Luis César Nogueira e Silva

São praticamente 20 anos de experiência na cadeia da Suinocultura, com foco na área comercial. Esta jornada, a qual eu iniciei, com a bagagem repleta de visões e conceitos adquiridos através da experiência de trabalhar no setor divisional de custos de uma das maiores esmagadoras de soja do mundo.

Finanças e custos não só eram o meu backgroud, como chegam a ser um hobby, afinal pessoas normais assistem Netflix, e eu prefiro usar este tempo assistindo casos de sucessos de negócios, entrevistas com CEO’s que estão gerindo grandes empresas e fundos de investimentos.

Como o título nos remete a receita de lucro, podemos erroneamente levar o amigo leitor (a) a acreditar que se seguir os passos seguintes vai lucrar.

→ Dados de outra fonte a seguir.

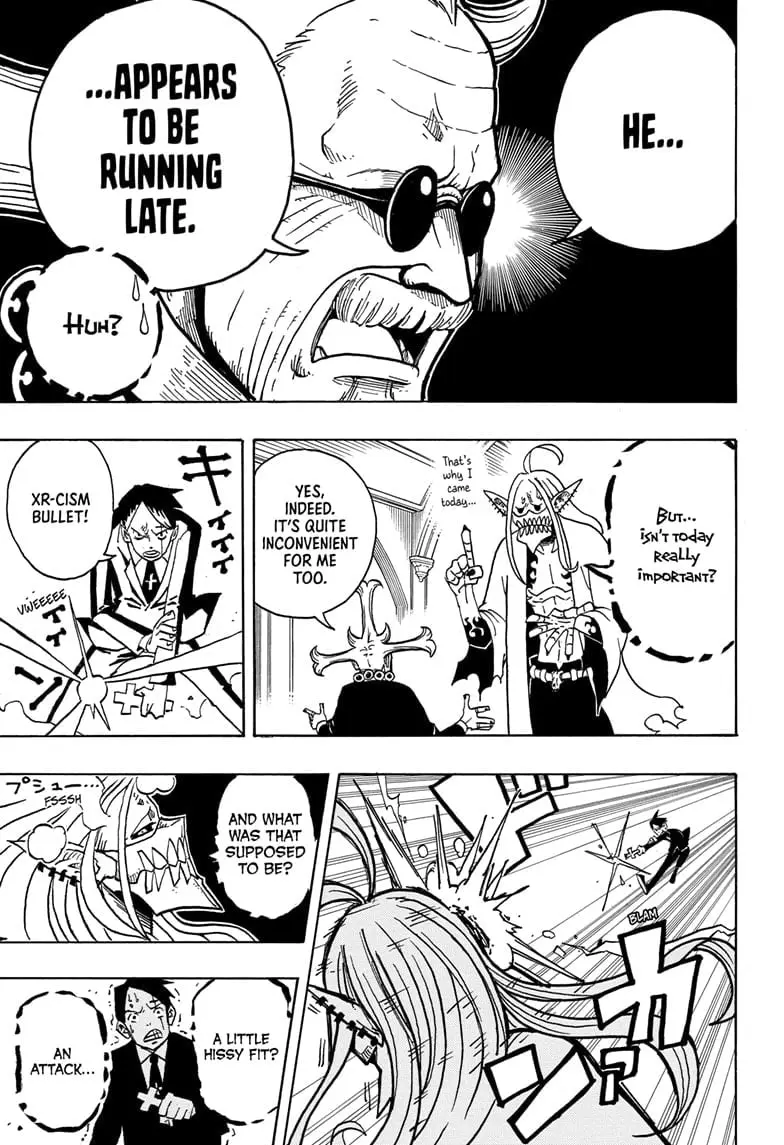 Ultimate Exorcist Kiyoshi Manga, chapter 2, page 11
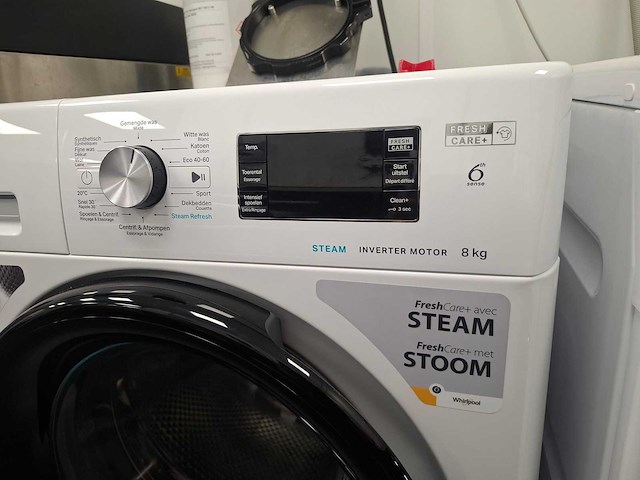 Whirlpool - ffb 8469e bv be - wasmachine - afbeelding 2 van  3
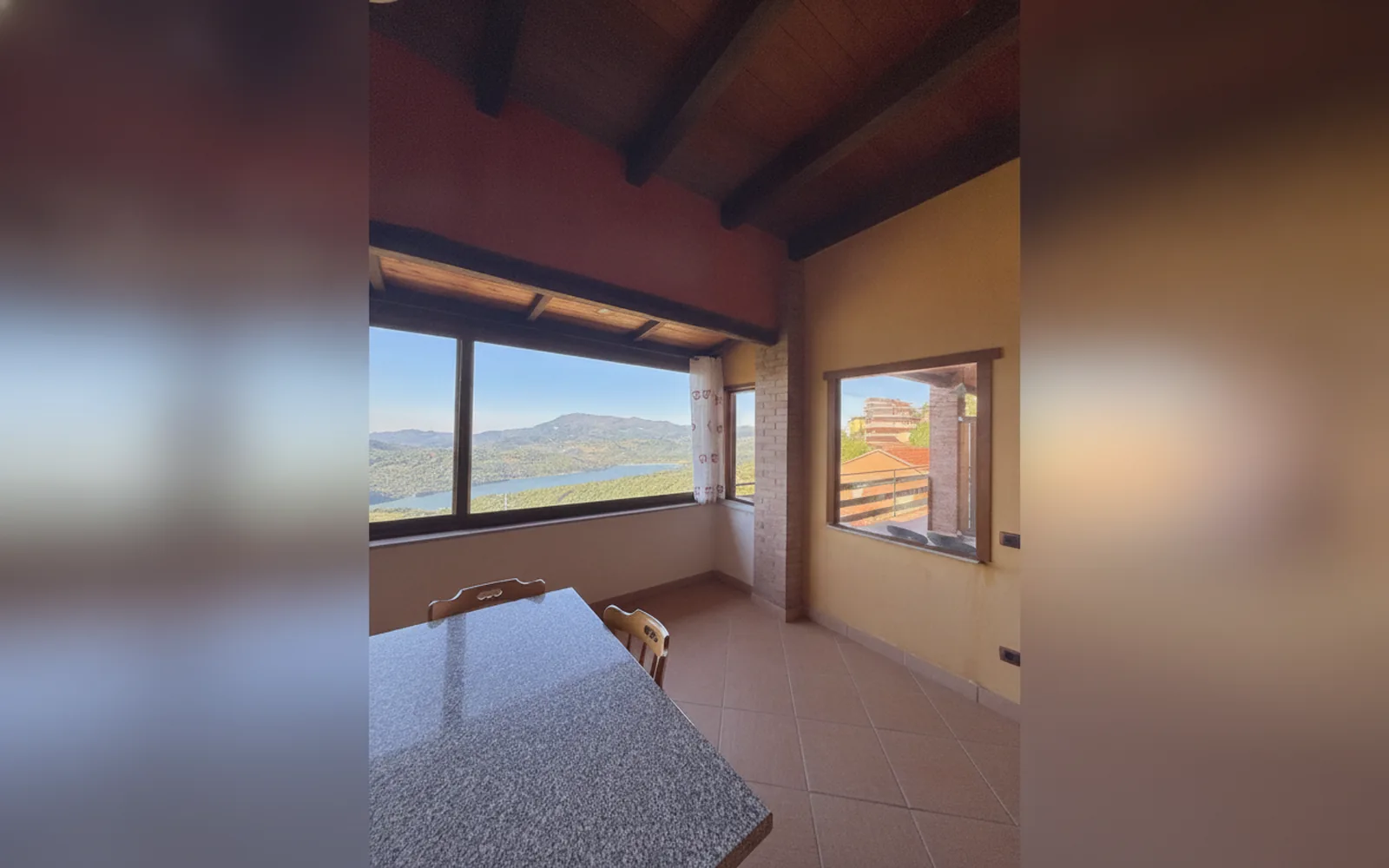 Camera con bagno privato — Casa Vacanze Panoramika Santa Cruz, Cicerale (Campania) (foto 11)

Mas a primeira verdade é que a receita é apenas um caminho, e cada empreendedor pode fazer o mesmo caminho de formas diferentes e obviamente com resultados diferentes, ou nunca escutou alguém falando, fiz o bolo igual a minha mãe e saiu totalmente diferente?

Com anos de estudo, pratica e interesse na atividade suinícola, tenho a pretensão de deixar bons insights aqui para todos os níveis de interesses e tecnologias dos produtores e leitores de todo nosso Brasil.

Parece elementar, mas não existe melhor maneira de obter sucesso, sem conhecer a atividade, passando por todas as etapas de produção. Todos aqui sabem da relevância que o milho, por exemplo, tem no custo de produção, temos ferramentas e possibilidades de fazer negociações futuras com milho, visando melhor lucro e segurança para nossa atividade no próximo ano. Entendo que até aqui estamos alinhados.

Qual a chance de eu ser mais assertivo nessa negociação para atender a minha demanda, porteira para dentro, se eu não sei meu custo de produção?           Não sei como estou de caixa, não acompanho nada sobre o mercado de grãos?

Inclusive aqui temos um ponto de grande oportunidade, vejo produtores experientes lendo e se aproximando mais do mercado de milho apenas na hora de comprar ou vender, assim sofrendo influência muito forte do momento, e atrapalhando a sua decisão.

Em resumo, de maneira simplista, acompanhando esse mercado de perto, em 15 dias ele pode mudar totalmente, mas de ano em ano ele é o mesmo.

Tudo deve começar por um orçamento bem feito para o ano futuro, de acordo com a sua visão e de sua equipe e parceiros – quero evidenciar aqui outra grande oportunidade, seus parceiros e fornecedores são um divisor de águas nesse momento.

Bons parceiros conseguem trazer a temperatura do mercado com muito mais intensidade que o próprio produtor por vezes, até pela natureza de suas atribuições, uma vez que estes, visitam e tem mais reuniões e em diferentes regiões desse nosso grande território.

Com o ano seguinte em uma planilha simples e objetiva, tem tempo de evitar que um simples furo no seu fluxo de caixa te pegue desprevenido e faça com que tome decisões não positivas ao seu negócio, perdendo eficiência e gerando desgastes a você gestor e toda a sua equipe.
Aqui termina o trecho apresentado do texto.